El colmo de la seriedad sería vivir pura y simplemente, sin cuestionarse, y adherirse íntimamente a la evidencia de sus propias vísceras. Esta conciencia estática, y toda entera absorbida en los latidos del corazón, ¿podríamos llamarla una conciencia de seriedad, si no es por analogía? La seriedad se define en relación con una alegría siempre posible. Uno guarda su seriedad entre rostros serios, uno se avergüenza de permanecer serio cuando los sucesos incitan a la risa, o, más aún, en el interior del individuo, un solo sentimiento permanece en seriedad, en una conciencia absolutamente cínica. La seriedad es el lienzo sobre el cual se distienden lo gracioso y lo trágico, pero éstos, con toda su acentuación. La Seriedad adquiere así un mayor relieve.
Existe una ironía elemental que se confunde con el conocimiento, y que es, como el arte, hija del ocio. La ironía, seguramente, es demasiado moral para ser verdaderamente artista, del mismo modo en que es demasiado cruel para ser verdaderamente cómica. No obstante, he aquí un rasgo que acerca a los tres términos: el arte, lo cómico y la ironía se vuelven posibles ahí donde se relaja la urgencia vital. Pero el ironista es mucho más libre que aquel que ríe, puesto que el risueño no puede evitar reírse, ya que no tiene por qué llorar. Como los cobardes que demandan a gritos a la noche profunda para darse coraje, creen que evitarán el peligro solamente con nombrarlo, y hacen a sus espíritus fuertes con la esperanza de ganarle al miedo. La ironía, que no les teme a las sorpresas, juega con el peligro. El peligro está en una celda, la ironía va a verlo, lo imita, lo provoca, lo vuelve ridículo y lo entretiene para su propia diversión. Aún más, la ironía se arriesgará a través de los barrotes, para que el juego sea así lo más peligroso posible, para obtener la ilusión completa de la verdad; ella juega con su falso pavor y no se cansa de vencer ese delicioso peligro que muere a cada instante.
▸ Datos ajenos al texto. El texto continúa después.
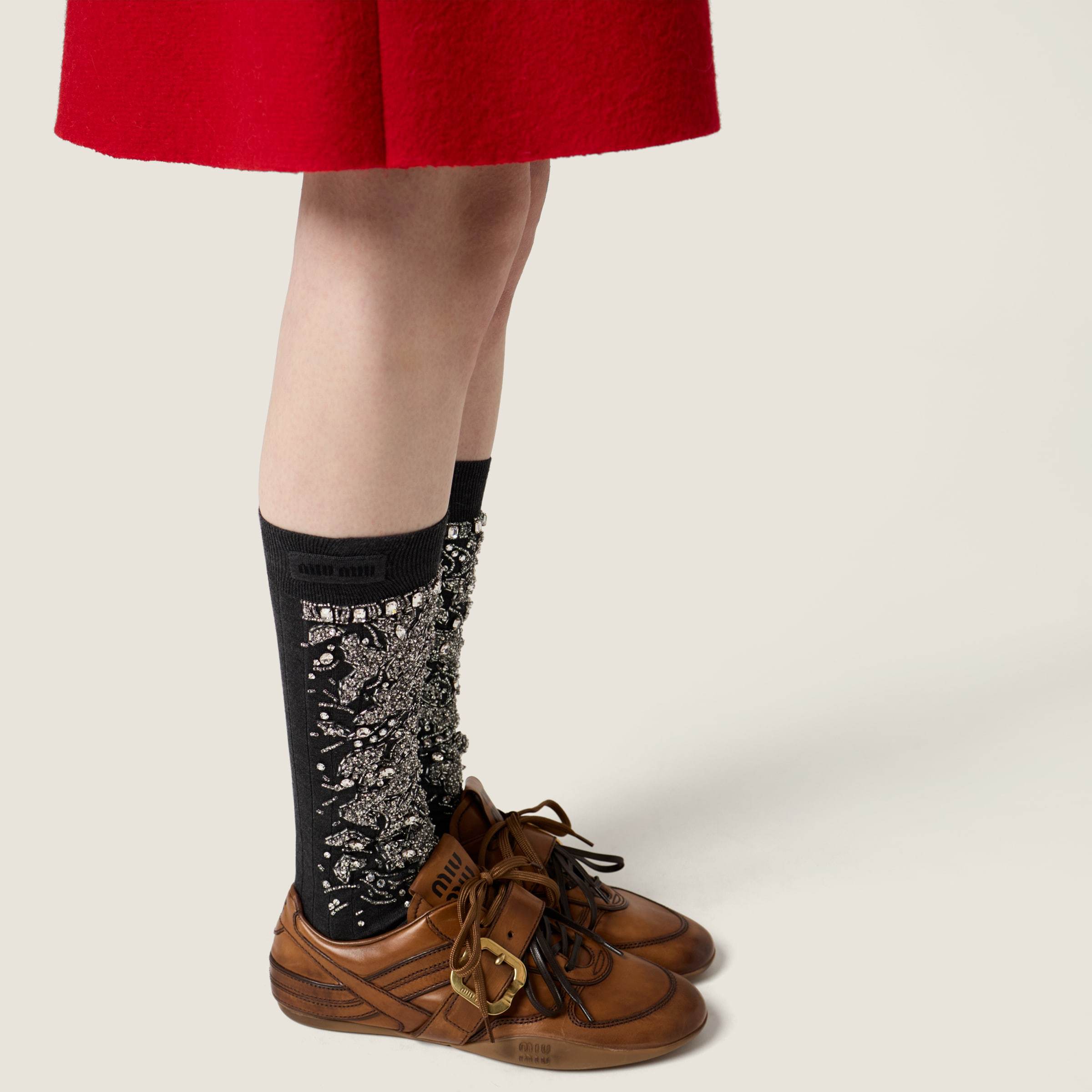 Miu Miu Cognac-colored Leather Sneakers With Buckle In Multi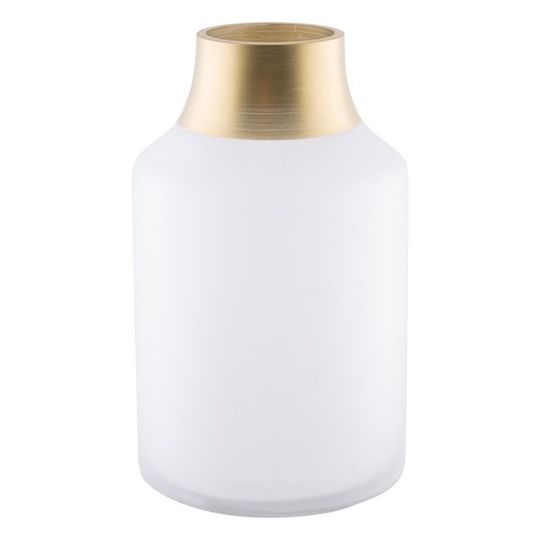 Frosted Glass Vase with Gold Rim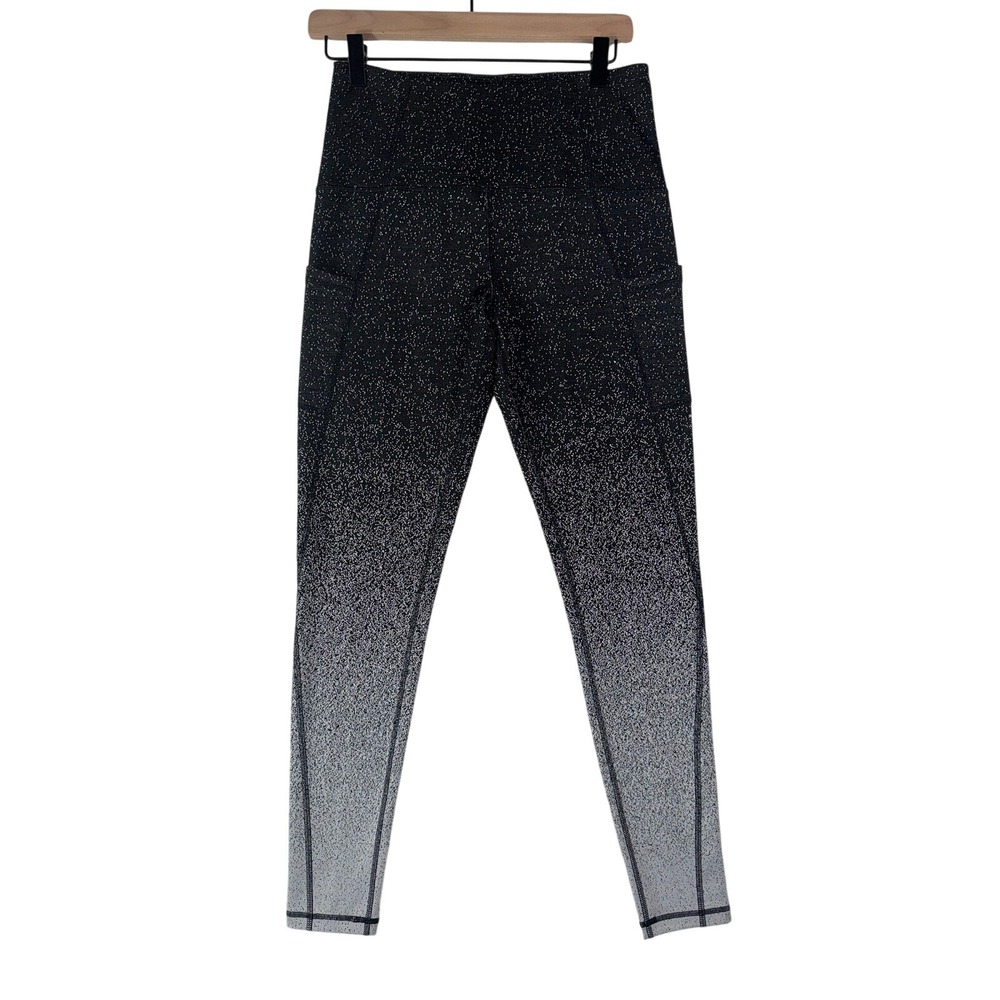 C9 Champion Womens Black Gray Ombre Speckle High Rise Leggings Side Pockets M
El carrusel, a decir verdad, puede mal girar, y Sócrates está muerto, porque la conciencia moderna no tienta jamás impunemente a las criaturas monstruosas que aterrorizaban a la vieja conciencia. Por tanto, el espíritu de la ironía es también el espíritu de la distensión, y aprovecha la mínima calma para retomar sus juegos. La ironía es el poder de jugar, de volar por los aires, de burlarse de los contenidos, sea para negarlos, sea para recrearlos.
Con el filósofo alemán Solger, la ironía termina por instalarse en el centro de un sistema dogmático: ella, que hasta entonces era una especie de humor subjetivo y sobre todo literario, ahora se convierte en una categoría metafísica; la ironía designa los destinos cósmicos de lo Absoluto. La ironía es la conciencia de la revelación por la cual lo absoluto, en un momento fugitivo, se realiza y al mismo tiempo se destruye; y el arte no es otra cosa que el instante de tránsito, la bella y frágil apariencia que a la vez expresa y niega la idea. La modestia, el pudor y la clarividencia no son más asuntos de la ironía. La regresión de Sócrates ha dado lugar a la deducción pedante de Solger, y a la búsqueda de la verdad en las tragedias metafísicas de la encarnación. La ironía ya no es afortunada, sino nihilista; la ironía ya no sirve para conocer, ni para descubrir lo esencial bajo las bellas palabras: sirve para sobrevolar el mundo y despreciar las distinciones concretas.